* [What to produce]
Reproduce all entries precisely, down to the last character.

(Stored data entries)
------------------------------------

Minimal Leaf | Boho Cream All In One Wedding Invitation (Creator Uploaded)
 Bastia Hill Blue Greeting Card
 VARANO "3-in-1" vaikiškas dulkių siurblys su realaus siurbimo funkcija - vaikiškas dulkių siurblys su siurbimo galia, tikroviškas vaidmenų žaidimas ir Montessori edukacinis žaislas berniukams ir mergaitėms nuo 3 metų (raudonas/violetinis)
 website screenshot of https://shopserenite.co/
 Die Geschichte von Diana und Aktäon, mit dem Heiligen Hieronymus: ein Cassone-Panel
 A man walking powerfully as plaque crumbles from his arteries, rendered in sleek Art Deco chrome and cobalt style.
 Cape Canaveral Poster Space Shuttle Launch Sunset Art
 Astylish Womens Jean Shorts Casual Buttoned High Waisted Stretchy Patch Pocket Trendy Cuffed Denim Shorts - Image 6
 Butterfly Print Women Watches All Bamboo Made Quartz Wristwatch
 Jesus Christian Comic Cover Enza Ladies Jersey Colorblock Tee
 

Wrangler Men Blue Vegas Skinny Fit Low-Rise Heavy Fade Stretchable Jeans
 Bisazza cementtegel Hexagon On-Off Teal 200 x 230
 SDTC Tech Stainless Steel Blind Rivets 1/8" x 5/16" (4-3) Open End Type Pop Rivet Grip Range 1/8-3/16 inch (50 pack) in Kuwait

------------------------------------

* [Completed exercise]
Minimal Leaf | Boho Cream All In One Wedding Invitation (Creator Uploaded)
 Bastia Hill Blue Greeting Card
 VARANO "3-in-1" vaikiškas dulkių siurblys su realaus siurbimo funkcija - vaikiškas dulkių siurblys su siurbimo galia, tikroviškas vaidmenų žaidimas ir Montessori edukacinis žaislas berniukams ir mergaitėms nuo 3 metų (raudonas/violetinis)
 website screenshot of https://shopserenite.co/
 Die Geschichte von Diana und Aktäon, mit dem Heiligen Hieronymus: ein Cassone-Panel
 A man walking powerfully as plaque crumbles from his arteries, rendered in sleek Art Deco chrome and cobalt style.
 Cape Canaveral Poster Space Shuttle Launch Sunset Art
 Astylish Womens Jean Shorts Casual Buttoned High Waisted Stretchy Patch Pocket Trendy Cuffed Denim Shorts - Image 6
 Butterfly Print Women Watches All Bamboo Made Quartz Wristwatch
 Jesus Christian Comic Cover Enza Ladies Jersey Colorblock Tee
 

Wrangler Men Blue Vegas Skinny Fit Low-Rise Heavy Fade Stretchable Jeans
 Bisazza cementtegel Hexagon On-Off Teal 200 x 230
 SDTC Tech Stainless Steel Blind Rivets 1/8" x 5/16" (4-3) Open End Type Pop Rivet Grip Range 1/8-3/16 inch (50 pack) in Kuwait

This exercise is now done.